What is being asked
One exact copy of the listing is needed. It should contain no pictures.

====== Data block

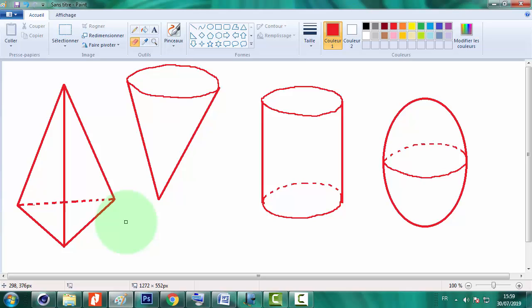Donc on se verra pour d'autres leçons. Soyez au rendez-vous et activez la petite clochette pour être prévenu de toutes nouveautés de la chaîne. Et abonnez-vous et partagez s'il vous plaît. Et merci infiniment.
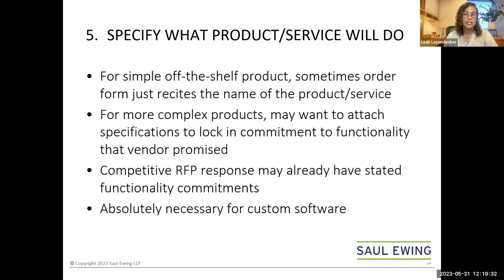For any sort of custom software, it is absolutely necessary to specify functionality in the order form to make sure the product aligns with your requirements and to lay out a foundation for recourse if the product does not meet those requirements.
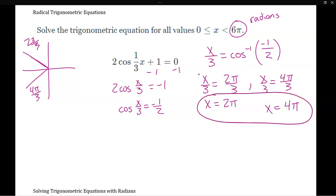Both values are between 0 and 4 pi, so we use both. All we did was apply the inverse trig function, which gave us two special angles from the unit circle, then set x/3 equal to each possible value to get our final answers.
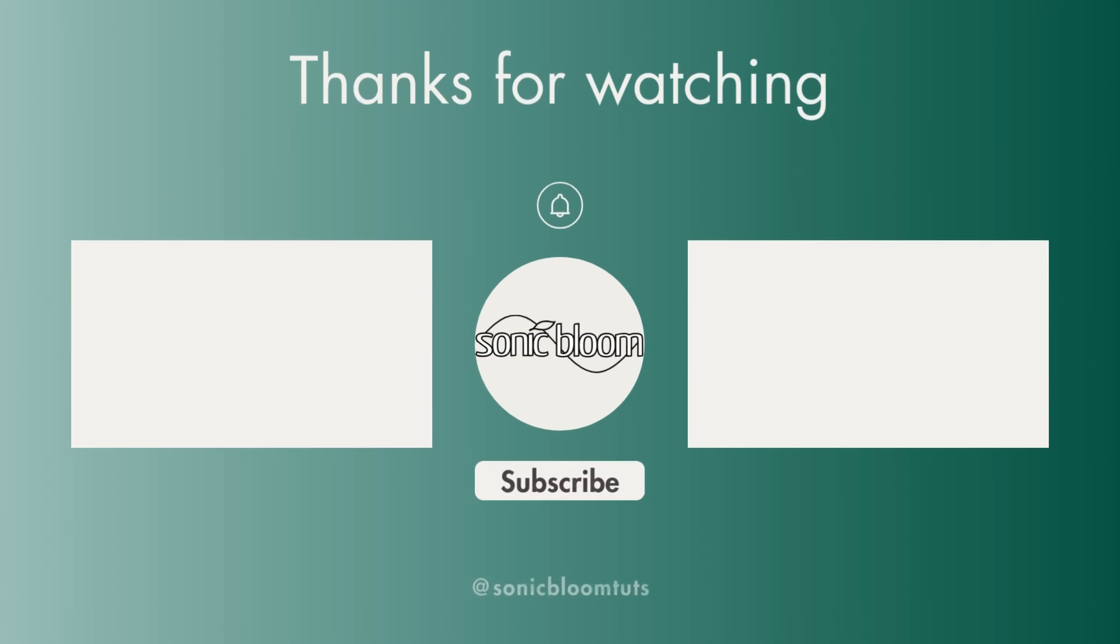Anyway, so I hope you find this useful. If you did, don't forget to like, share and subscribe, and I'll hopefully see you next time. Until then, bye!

============

Answer space
Donc on se verra pour d'autres leçons. Soyez au rendez-vous et activez la petite clochette pour être prévenu de toutes nouveautés de la chaîne. Et abonnez-vous et partagez s'il vous plaît. Et merci infiniment.
For any sort of custom software, it is absolutely necessary to specify functionality in the order form to make sure the product aligns with your requirements and to lay out a foundation for recourse if the product does not meet those requirements.
Both values are between 0 and 4 pi, so we use both. All we did was apply the inverse trig function, which gave us two special angles from the unit circle, then set x/3 equal to each possible value to get our final answers.
Anyway, so I hope you find this useful. If you did, don't forget to like, share and subscribe, and I'll hopefully see you next time. Until then, bye!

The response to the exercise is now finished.